Right now, it’s about staying afloat and surviving as an independent business. Organizations like Spotify and Soundcloud have taken hundreds of millions in funding. Our challenge is trying to build and make engaging products on that level, but with a different budget.

What’s your mission with Mixcloud? If this whole thing looks exactly the way you want, what does that look like?

Democratizing radio: making it social and making it personal. In that vein, building a platform that anyone can contribute to and be a beneficiary of. Making it more social in the sense that you can share it between yourself, your friends and others. Making it more personal: how can we connect you as a listener with the best DJ or presenter out there, for you? That obviously might mean the best DJ or presenter for you is someone in a different country. They might be someone you’ve never heard of, but we want to connect you with them.

What’s your favorite song? What’s your favorite band?

That changes all the time, man. I can tell you my favorite album. That’s “Illmatic” by Nas. It’s the best album ever made.

What do you think people need to hear? If you could command every reader of this article to listen to something, and they’d do it, what would it be?

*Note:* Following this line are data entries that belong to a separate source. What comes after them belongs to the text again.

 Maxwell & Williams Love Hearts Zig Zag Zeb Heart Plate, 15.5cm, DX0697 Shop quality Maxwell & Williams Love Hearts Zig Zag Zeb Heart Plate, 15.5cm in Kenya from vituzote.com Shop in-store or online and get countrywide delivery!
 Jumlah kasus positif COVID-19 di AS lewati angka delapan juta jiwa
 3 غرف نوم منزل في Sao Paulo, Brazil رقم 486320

I’d tell them to go listen to a mix, because that’s what we do. And I would recommend something people probably haven’t heard of. There’s a collective from Argentina called Zizek. They have a bunch of artists with a local Cumbia sound, with a lot of digital elements. They call it Digital Cumbia. Specifically, there’s an artist named Cancha Via Circuito. He’s put out a mix that is an incredible kind of journey through these Digital Cumbia sounds. I often imagine stumbling across a mix tape deep in the Amazon Rainforest and if you put on that mix tape, this is what it would sound like.

Nico also recommends Chet Faker and Oso Leone.